By Julienne du Toit
Photographs by Chris Marais
Once a year, our friend Ryno Ferreira takes us into the Karoo’s winter snows for a full day in his invincible Landrover. It’s a glorious tradition. We chug up mountain passes, and then pick a snowy country road to explore, every year a new one.
But it didn’t look as if we’d have a Snow Patrol Day this winter. The Matroosberg Nature Reserve (a clear favourite with Cape Town based photographers) seemed to get all of the snow. It remained dry over in the eastern Karoo for most of the winter.
The fruit trees were already starting to bud and the willow trees were clothed in pale green before the weather forecasters started talking about an intense cold front and snow predicted on higher ground.
On Thursday evening the front hit Cradock with a whumping gust of icy wind that bowed the pine trees and brought snow to the Swaershoek and Wapadsberg Passes.

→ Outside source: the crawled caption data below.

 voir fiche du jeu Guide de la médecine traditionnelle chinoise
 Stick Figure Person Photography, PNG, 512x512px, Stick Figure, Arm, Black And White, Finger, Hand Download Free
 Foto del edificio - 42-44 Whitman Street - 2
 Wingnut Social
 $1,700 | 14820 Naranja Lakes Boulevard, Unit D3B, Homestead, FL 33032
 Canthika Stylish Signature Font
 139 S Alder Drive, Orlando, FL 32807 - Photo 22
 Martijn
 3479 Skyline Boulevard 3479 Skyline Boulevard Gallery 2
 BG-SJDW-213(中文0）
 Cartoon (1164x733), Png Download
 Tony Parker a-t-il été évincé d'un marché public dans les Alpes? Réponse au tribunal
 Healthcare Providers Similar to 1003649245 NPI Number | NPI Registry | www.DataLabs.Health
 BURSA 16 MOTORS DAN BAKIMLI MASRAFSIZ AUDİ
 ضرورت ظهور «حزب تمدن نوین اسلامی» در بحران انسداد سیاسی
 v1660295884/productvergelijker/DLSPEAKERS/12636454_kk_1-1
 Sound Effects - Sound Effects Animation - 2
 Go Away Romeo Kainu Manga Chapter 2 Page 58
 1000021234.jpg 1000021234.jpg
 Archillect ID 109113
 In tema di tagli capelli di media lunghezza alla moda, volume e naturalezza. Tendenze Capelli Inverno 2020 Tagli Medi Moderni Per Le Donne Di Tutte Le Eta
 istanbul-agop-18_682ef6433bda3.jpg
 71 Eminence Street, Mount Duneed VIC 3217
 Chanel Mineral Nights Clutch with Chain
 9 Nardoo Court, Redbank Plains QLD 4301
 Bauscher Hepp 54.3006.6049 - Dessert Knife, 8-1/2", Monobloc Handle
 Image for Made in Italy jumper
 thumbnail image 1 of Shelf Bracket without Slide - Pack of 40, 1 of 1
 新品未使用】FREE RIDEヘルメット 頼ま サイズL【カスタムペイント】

On Friday morning, we packed boiled eggs, cheese, pecan nuts and tea candles as emergency supplies, hoisted our dog into the blanket-covered rear of the vehicle and took the R61 up to Wapadsberg Pass.
Along the way, we saw springbok puffing up their thin fur for extra insulation. The black wildebeest were lying down and the eland and blesbok sheltered away from the cold wind in thickets of thorn trees. Snowy white, freshly shorn sheep kept to the bossieveld lowlands.
The Agter-Sneeuberg Mountains rose before us, haughty and implacably majestic in their snow cloaks.